| Work order |
Copy, please, the line with "#blueberrytattoo #pnwlife #tacoma" and each line that follows it through the end of the data below, exactly as given and without pictures.

(Beginning of Dataset content)

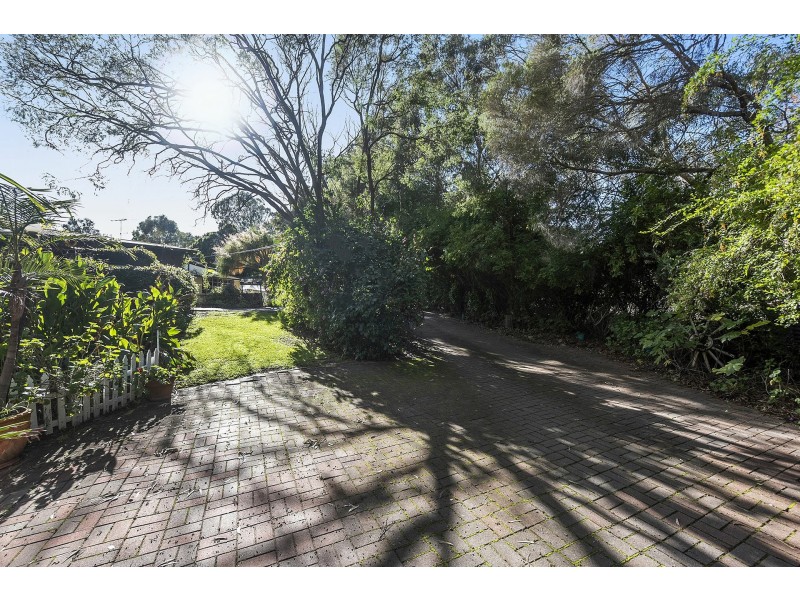 11 Taylor Road, Kalamunda WA 6076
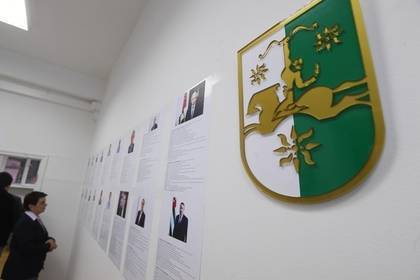 Рауль Хаджимба - Алхас Квициния - Стали известны первые результаты выборов президента в Абхазии - lenta.ru - Апсны
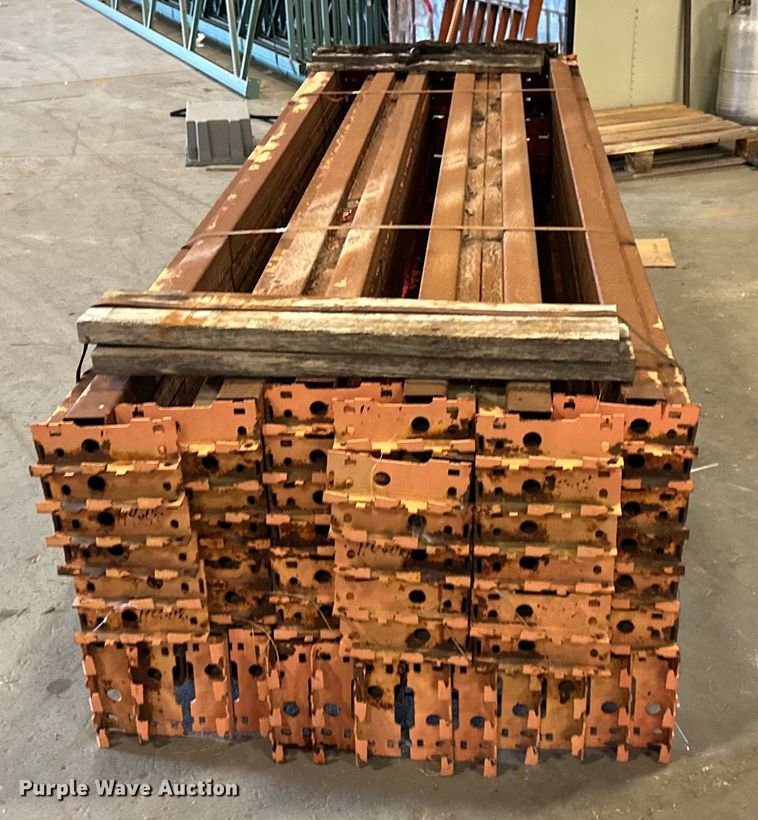 image for item EJ7071 Keystone  pallet racking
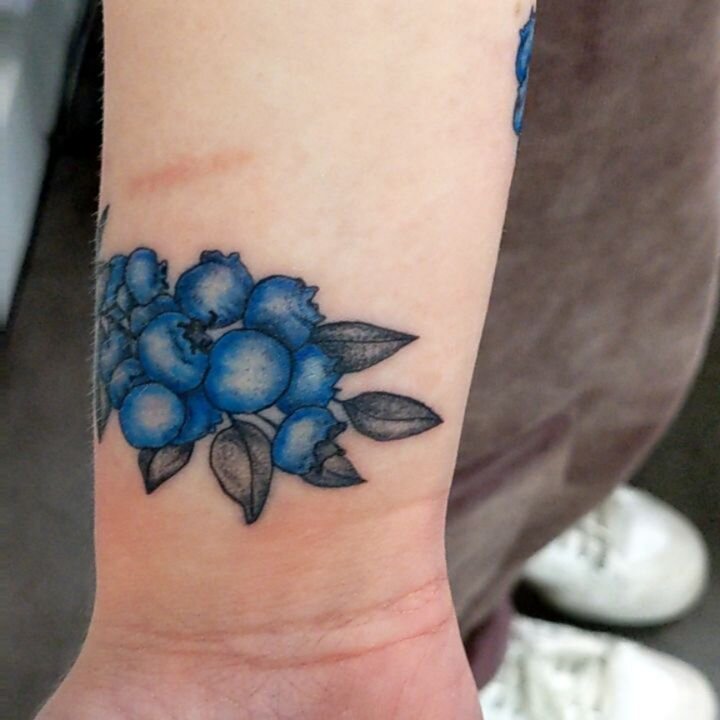 Loving color projects lately. Please keep em coming! 🙃

#blueberrytattoo #pnwlife #tacoma #blueberries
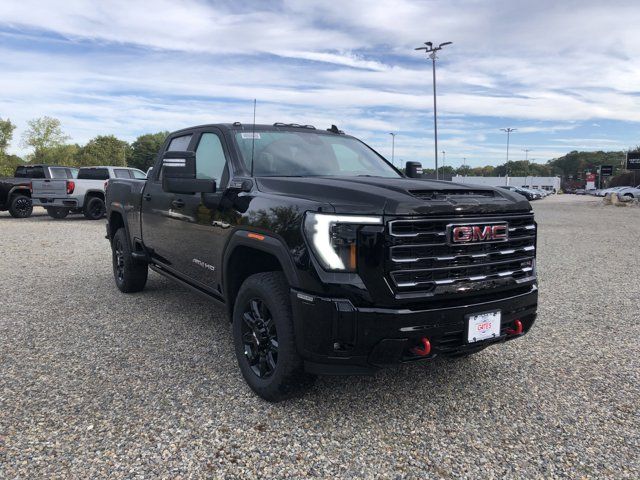 2025 GMC Sierra 2500HD AT4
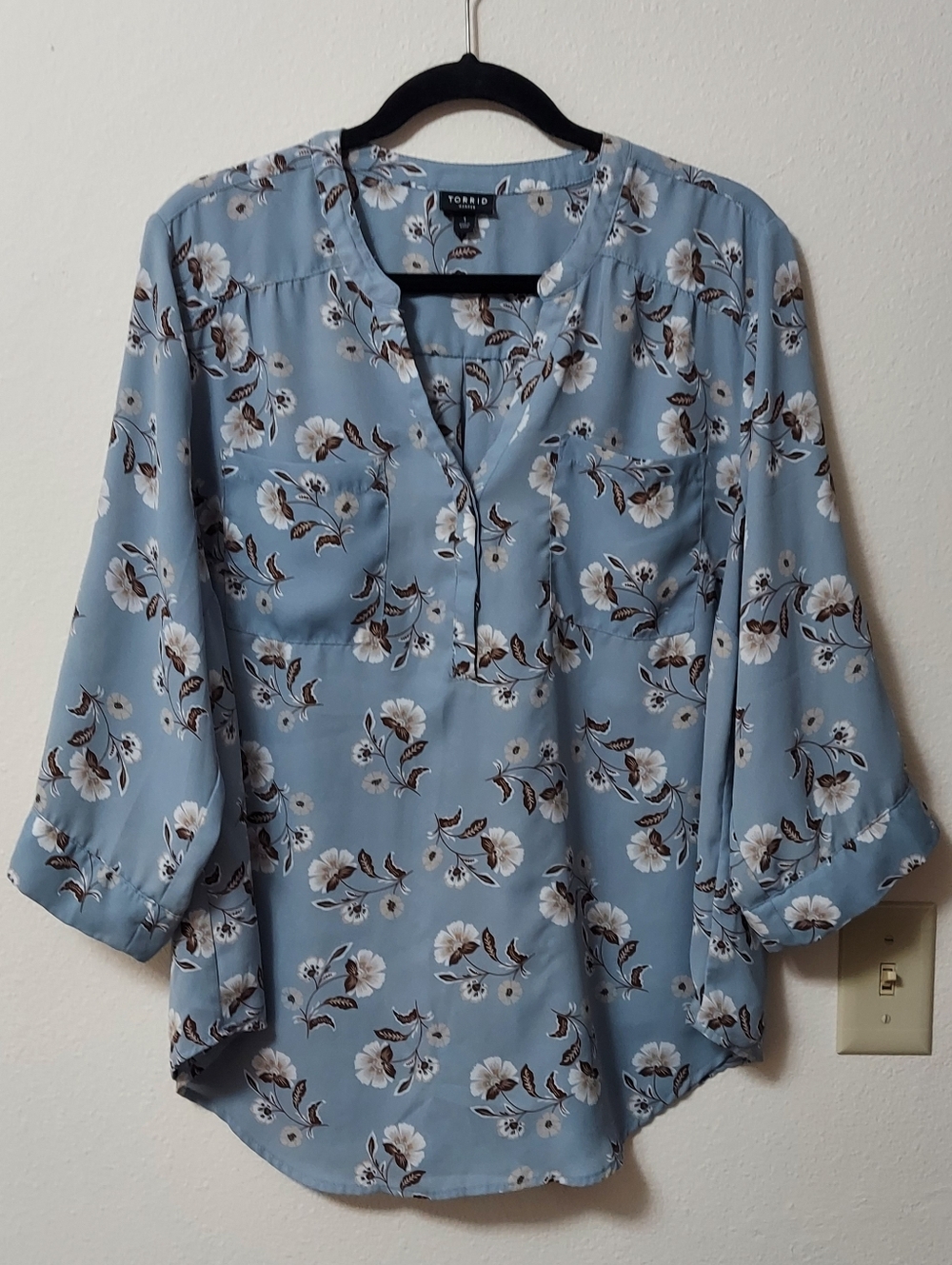 torrid Light Blue Floral Harper Blouse Size 1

(End of Dataset content)

| Result below |
#blueberrytattoo #pnwlife #tacoma #blueberries
 2025 GMC Sierra 2500HD AT4
 torrid Light Blue Floral Harper Blouse Size 1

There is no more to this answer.